=== Recorded information ===
# # # # # # #
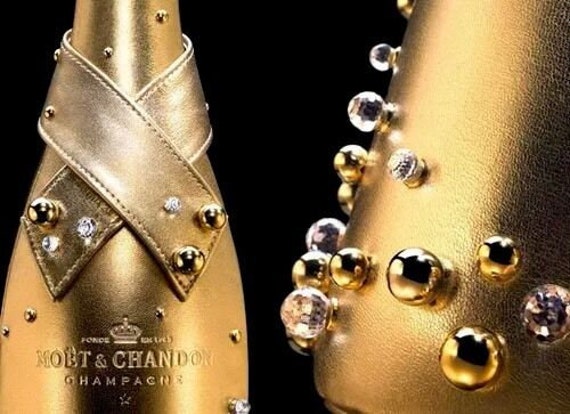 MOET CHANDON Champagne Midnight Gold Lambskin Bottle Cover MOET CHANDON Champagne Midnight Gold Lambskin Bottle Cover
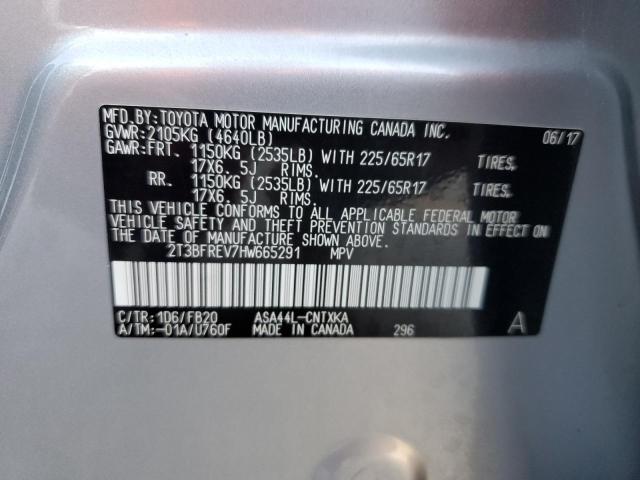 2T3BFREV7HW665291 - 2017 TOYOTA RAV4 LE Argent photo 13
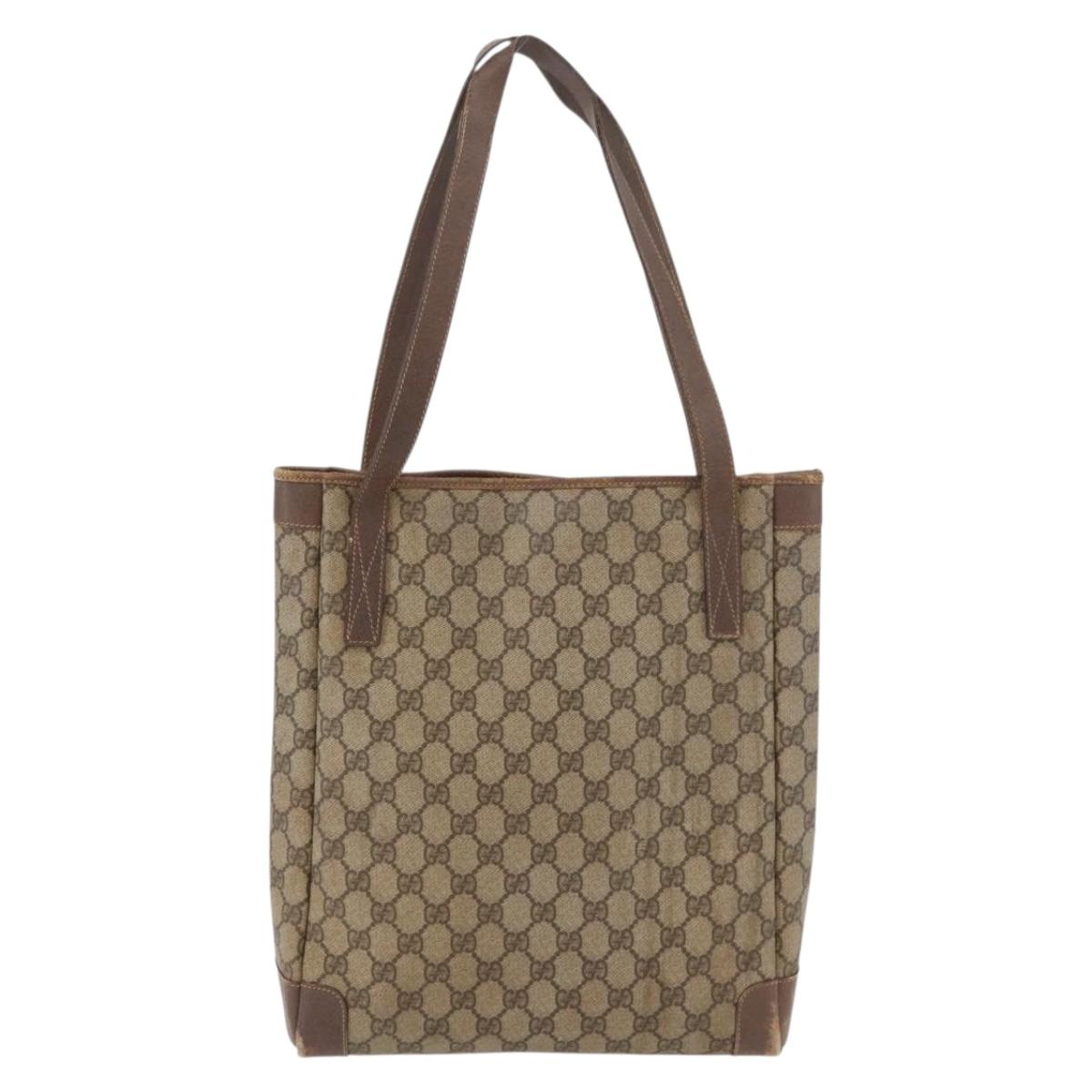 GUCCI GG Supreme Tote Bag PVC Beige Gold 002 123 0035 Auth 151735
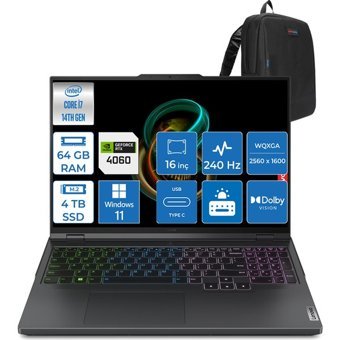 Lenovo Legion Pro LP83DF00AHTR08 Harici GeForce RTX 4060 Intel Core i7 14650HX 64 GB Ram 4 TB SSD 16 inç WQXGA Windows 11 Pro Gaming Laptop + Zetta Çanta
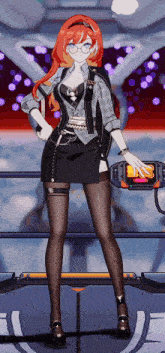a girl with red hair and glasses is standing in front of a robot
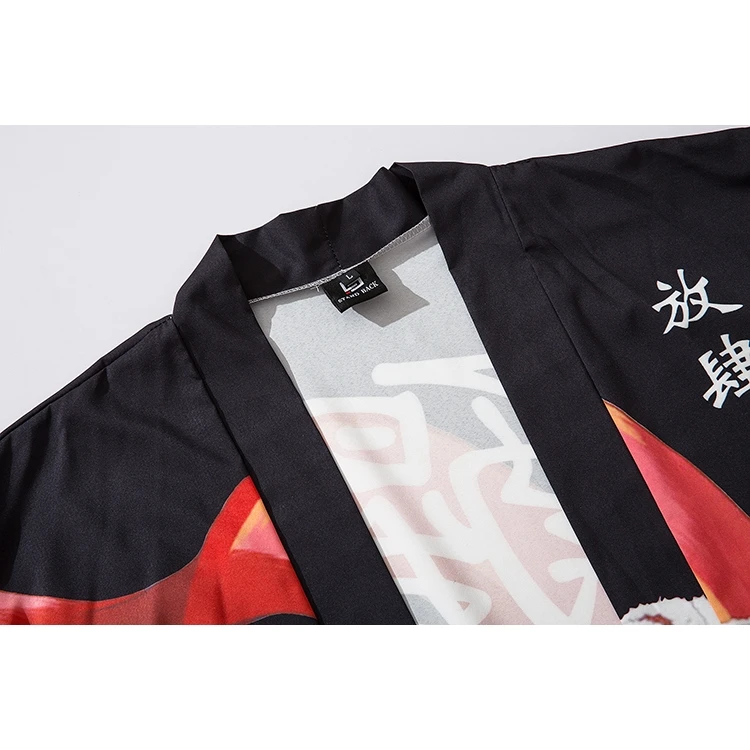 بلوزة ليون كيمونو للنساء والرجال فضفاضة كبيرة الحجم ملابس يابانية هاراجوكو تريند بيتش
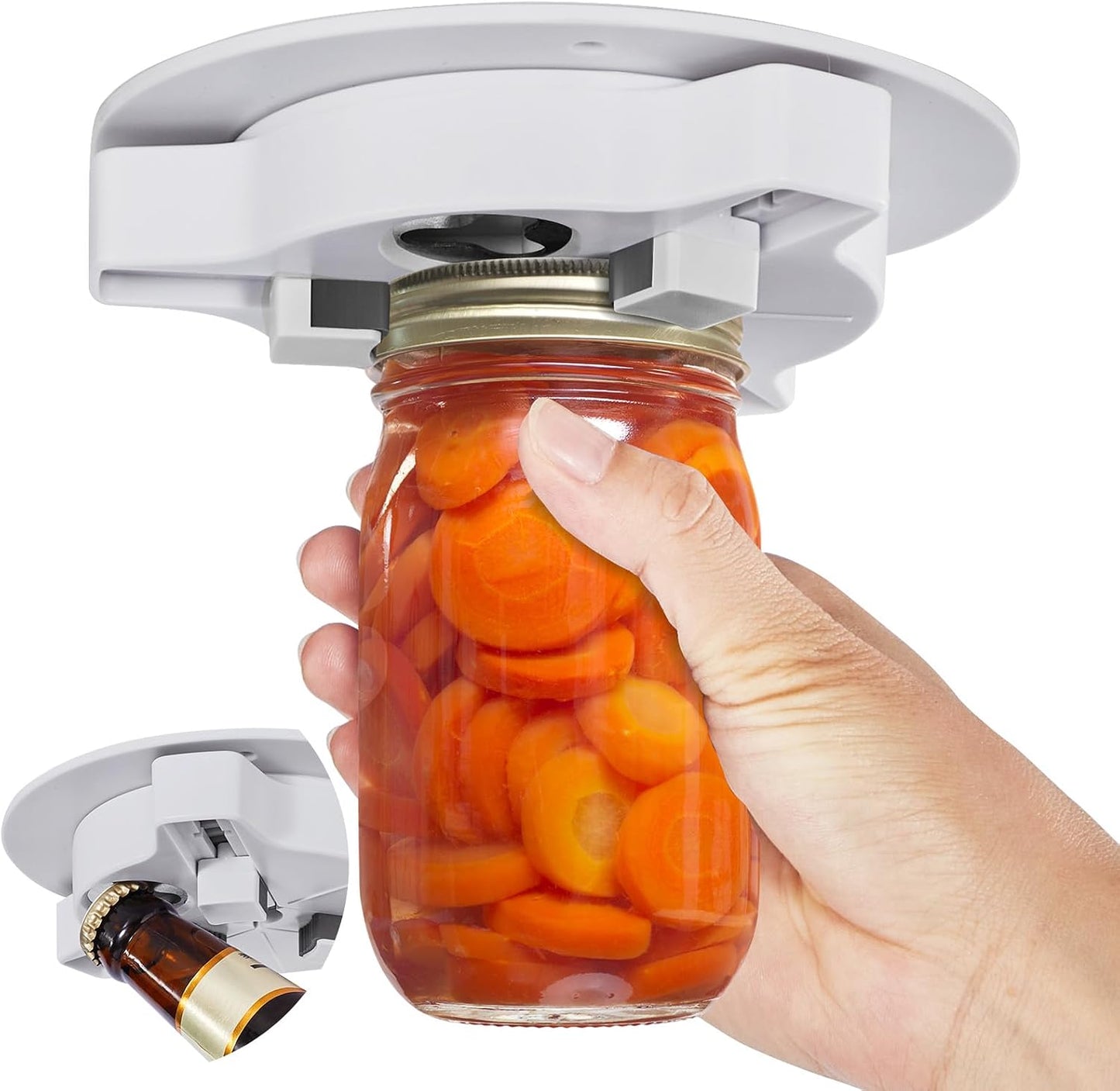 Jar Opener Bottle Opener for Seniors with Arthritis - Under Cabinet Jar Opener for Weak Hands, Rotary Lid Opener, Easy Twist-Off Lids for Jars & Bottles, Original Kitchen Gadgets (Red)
# # # # # # #
The answer must be the full listing retyped exactly, with no pictures in it.

 MOET CHANDON Champagne Midnight Gold Lambskin Bottle Cover MOET CHANDON Champagne Midnight Gold Lambskin Bottle Cover
 2T3BFREV7HW665291 - 2017 TOYOTA RAV4 LE Argent photo 13
 GUCCI GG Supreme Tote Bag PVC Beige Gold 002 123 0035 Auth 151735
 Lenovo Legion Pro LP83DF00AHTR08 Harici GeForce RTX 4060 Intel Core i7 14650HX 64 GB Ram 4 TB SSD 16 inç WQXGA Windows 11 Pro Gaming Laptop + Zetta Çanta
a girl with red hair and glasses is standing in front of a robot
 بلوزة ليون كيمونو للنساء والرجال فضفاضة كبيرة الحجم ملابس يابانية هاراجوكو تريند بيتش
 Jar Opener Bottle Opener for Seniors with Arthritis - Under Cabinet Jar Opener for Weak Hands, Rotary Lid Opener, Easy Twist-Off Lids for Jars & Bottles, Original Kitchen Gadgets (Red)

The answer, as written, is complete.